5G is even more complicated.  Here we have the classic “There’s a lot you can do with a widget” problem; that may be true but it doesn’t address the question of how likely it is you’d want to do one of those things, or how profitable it would be to do it.  In many ways, 5G is just a separate infrastructure justification problem on top of carrier cloud.  We have to figure out just how it’s going to be useful, then deploy it, and only then see what parts of its utility bear on a justification for carrier cloud.

Nobody doubts that 5G spectrum and the RAN are useful, but it’s far from clear that either would have any impact on carrier cloud.  In fact, it’s far from clear what positive benefits would come from the additional 5G elements, including network slicing.  Remember, there’s a difference between “utility” (I can find something to do with it) and “justification” (I gain enough to proactively adopt it).

An Ixia survey cited by SDxCentral says that carrier cloud plans are rooted in NFV.  Actually the data cited doesn’t seem to show that to me.  The cited drivers for 5G are quite vague, as disconnected from explicit benefits as any I’ve heard.  “Flexible and scalable network” is the top one.  What does that mean and how much return does it generate?  My point is that the survey doesn’t show clear drivers, only abstract stuff that’s hard to quantify.

That’s consistent with what operators have told me.  In fact, 5G planning focus is more on trying to nail down actual, quantifiable, actionable, benefits than about driving anything in particular forward.  Don’t get me wrong; everything in 5G has potential value, has circumstances that would make a critical contribution to operators.  How much of that potential is real is very difficult to say, which is what’s giving operators so much grief.

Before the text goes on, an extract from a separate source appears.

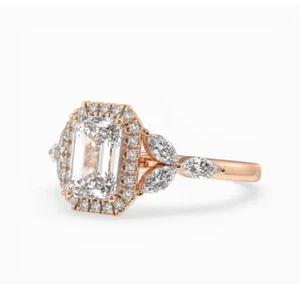 IGI Certified Lab Grown Diamond Wedding Ring 2.50 Ct Emerald Cut 18K Rose Gold - Picture 1 of 12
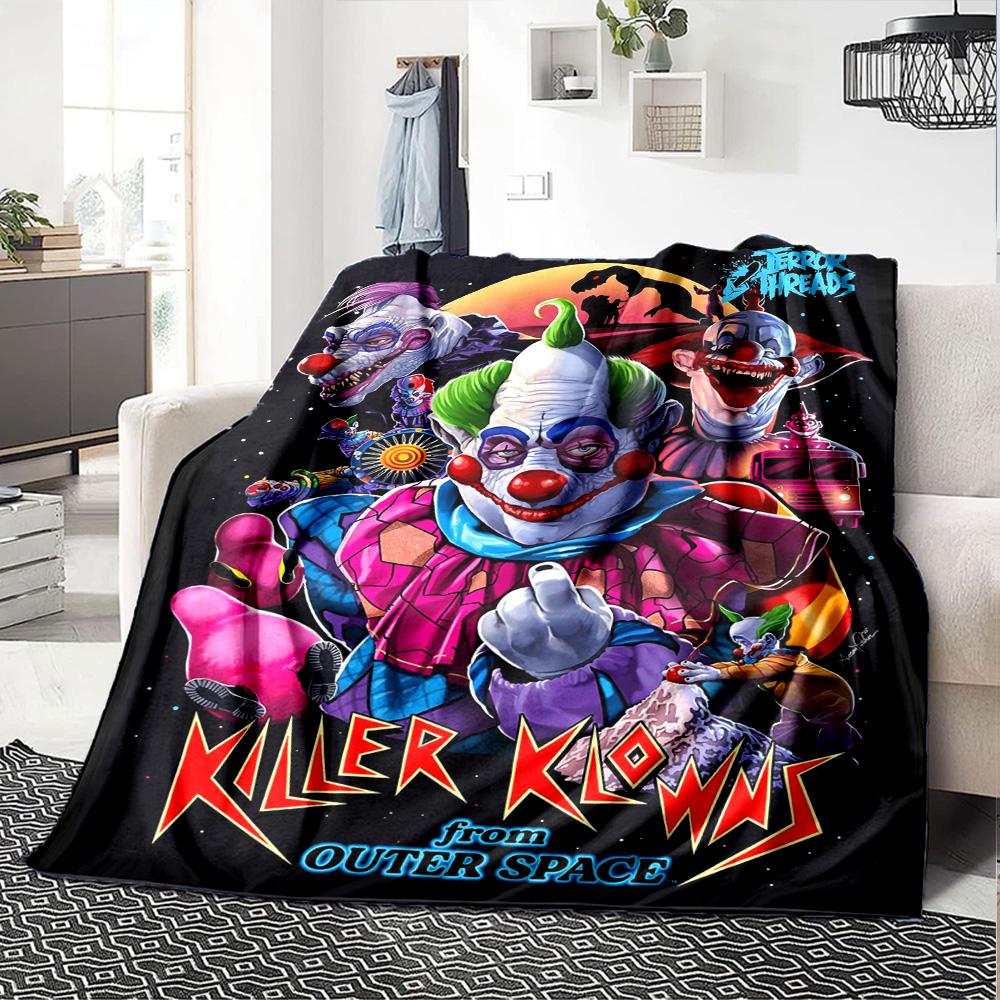 Killer Clown Horror Print Flannel Blanket High Quality Warm Comfortable Cover for All Seasons Perfect for Gifts Home Decor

What exactly is all that rooting of 5G in NFV?  The article quotes an Ixia executive as follows: “You are going to deploy the 5G core in an NFV-type model. There’s no doubt it will all be virtualized.”  Well, gosh, everything virtualized isn’t necessarily NFV.  So, is this an attempt by a vendor (who has an NFV strategy) to get into the 5G story?  You decide.

It all circles back to the notion of that field of dreams.  In order for the drivers of carrier cloud to operate effectively, they all have to drive things to the same place.  We need to have a common cloud model for the network of the future, because we’re not going to build one for every possible demand source.  The difficulties for the moment lie less in making the drivers real in an ROI sense, but in making the drivers credible enough to motivate planners to look for a single cloud solution that can address them all.  That’s what’s missing today, and sadly I don’t see the fall planning cycle providing it.